Im globalen Teil würde ich gerne ein Museum sehen, das dem jüdischen Leben und der jüdischen Kultur gewidmet ist – mit Vorträgen, Performances, Buchlesungen, Kochdemonstrationen und temporären Ausstellungen. Die historische jüdische Erfahrung sollte aktuellen Erfahrungen gegenübergestellt werden, etwa durch den Vergleich zur Lage von Flüchtlingen heute. Das Museum müsste zudem ein Zentrum für Begegnungen zwischen verschiedenen Kulturen wie ein Ort der Debatten über die israelisch-palästinensische Krise sein, Exponate zu den verschiedenen Arten von Bindestrich-Deutschen ebenso präsentieren, wie interaktive Ausstellungen für Kinder. Kurz: Ein Ort voller Leben und Relevanz für die heutige Welt.
(4) Wer soll erreicht werden?
Jedermann! Jüdinnen und Juden, die Sachsen besuchen, Sächsinnen und Sachsen, die mehr über das Judentum und die jüdische Kultur erfahren wollen, Touristinnen und Touristen, Kinder, Familien und so weiter. Ich würde sagen, dass sowohl hochwertige kulturelle Angebote wie Konzerte oder Lesungen als auch solche speziell für Schulkinder und Familien entwickelt werden müssten. Beides muss sich übrigens nicht unbedingt ausschließen.
(5) Wenn Sie ein museales Objekt auswählen könnten, das Sie als besonders aussagekräftig für Geschichte und Gegenwart jüdischen Lebens halten, welches wäre das – und warum?
Eine Bühne – dazu ist, denke ich, keine weitere Erklärung nötig.
(6) Was sollte in der Debatte um ein Jüdisches Museum als nächstes passieren?
Nun, als Nachzüglerin, die noch an keiner der Diskussionen teilgenommen hat, kann ich dazu kaum etwas sagen.

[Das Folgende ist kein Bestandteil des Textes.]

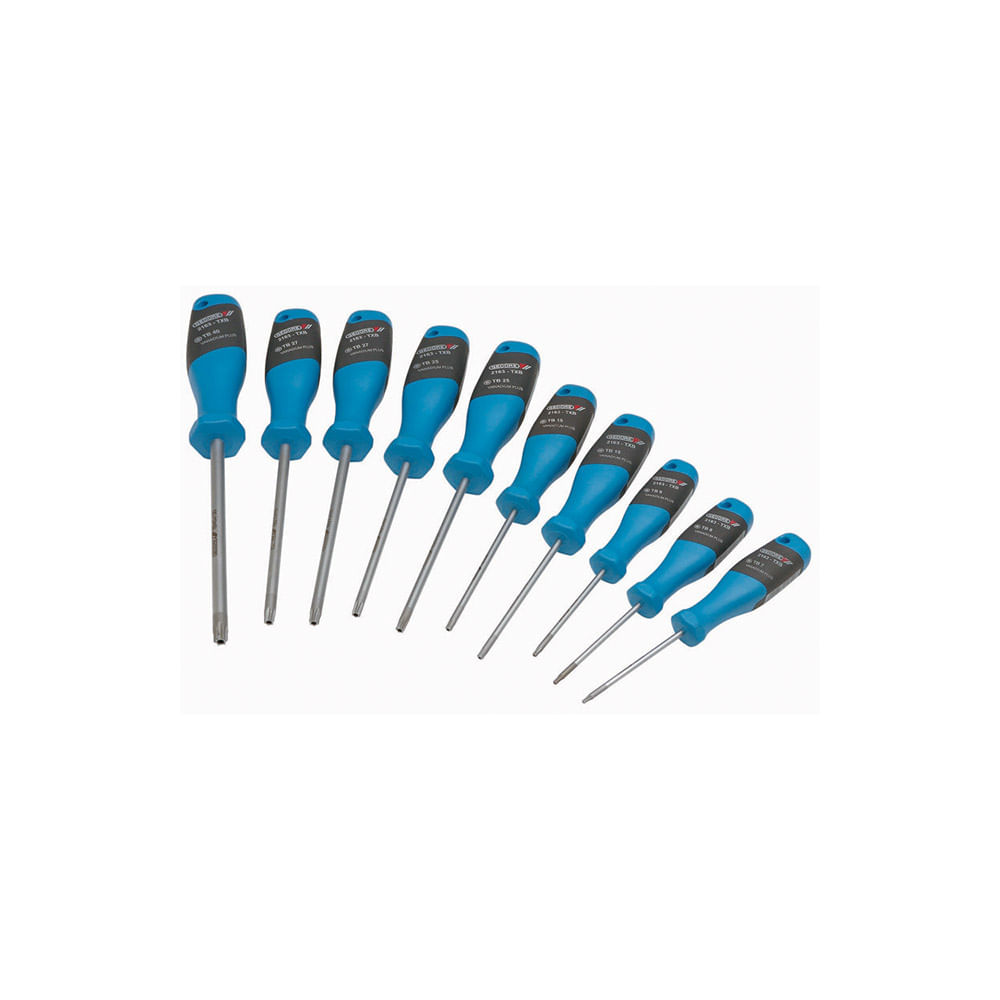 Chave Jogo Torx 10 Peças Azul T7-T40 2163TXB10 Gedore - Dimensional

Ich persönlich finde es wichtig, dass möglichst viele Leute, die sich als jüdisch identifizieren, zur Debatte eingeladen werden, auch wenn das bedeutet, dass Menschen außerhalb Sachsens einbezogen werden müssen. In den USA wäre es undenkbar, ein Museum über die afroamerikanische Geschichte einzurichten, in dem sich weniger als die Hälfte der an der Planung beteiligten Personen als Afroamerikanerinnen und Afroamerikaner identifizieren. Der Hauptgrund, warum heute nicht mehr so viele Jüdinnen und Juden in Sachsen leben, ist natürlich kein Zufall, sondern lässt sich direkt auf einen Genozid, die Shoah, zurückführen. Umso wichtiger ist es, dass wir ein gewisses Maß an Kontrolle über unsere eigenen Narrative haben – und zwar möglichst so, dass dabei Mitglieder aus dem gesamten Spektrum jüdischen Lebens vertreten sind.